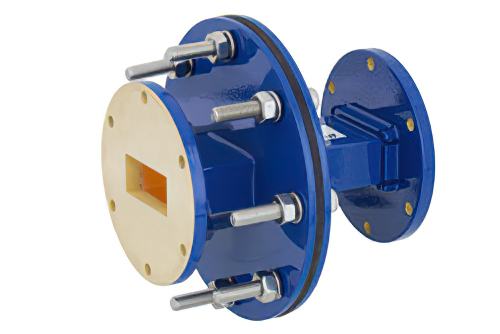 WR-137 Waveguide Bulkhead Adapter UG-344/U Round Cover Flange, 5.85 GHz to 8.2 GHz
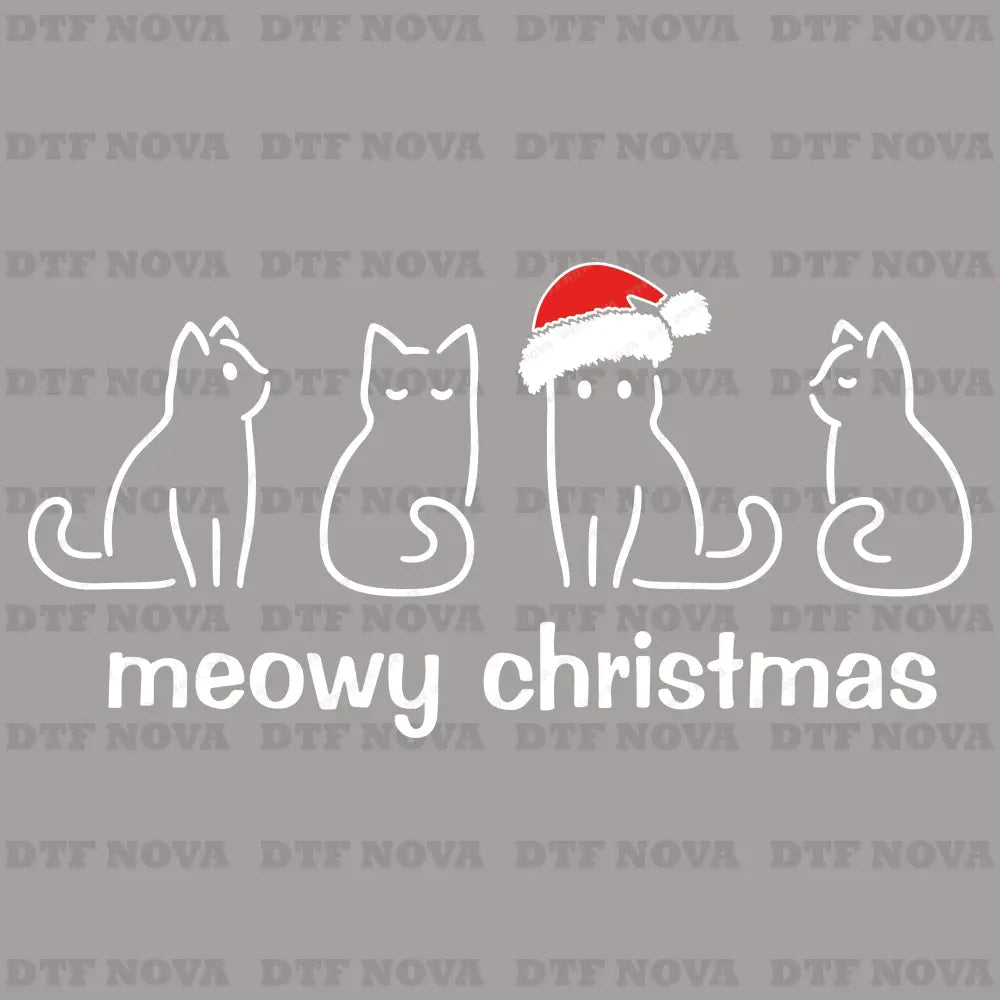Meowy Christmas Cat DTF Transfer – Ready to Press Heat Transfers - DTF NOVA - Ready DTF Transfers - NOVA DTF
---*---
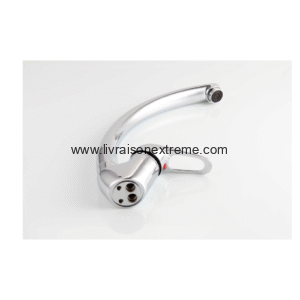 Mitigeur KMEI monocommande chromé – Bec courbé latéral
---*---
### [Directions]
Using the records above, print exactly the lines between the ones containing "WR-137 Waveguide Bulkhead" and "Meowy Christmas Cat", inclusive, and nothing else; no pictures.

### [Completed exercise]
 WR-137 Waveguide Bulkhead Adapter UG-344/U Round Cover Flange, 5.85 GHz to 8.2 GHz
Meowy Christmas Cat DTF Transfer – Ready to Press Heat Transfers - DTF NOVA - Ready DTF Transfers - NOVA DTF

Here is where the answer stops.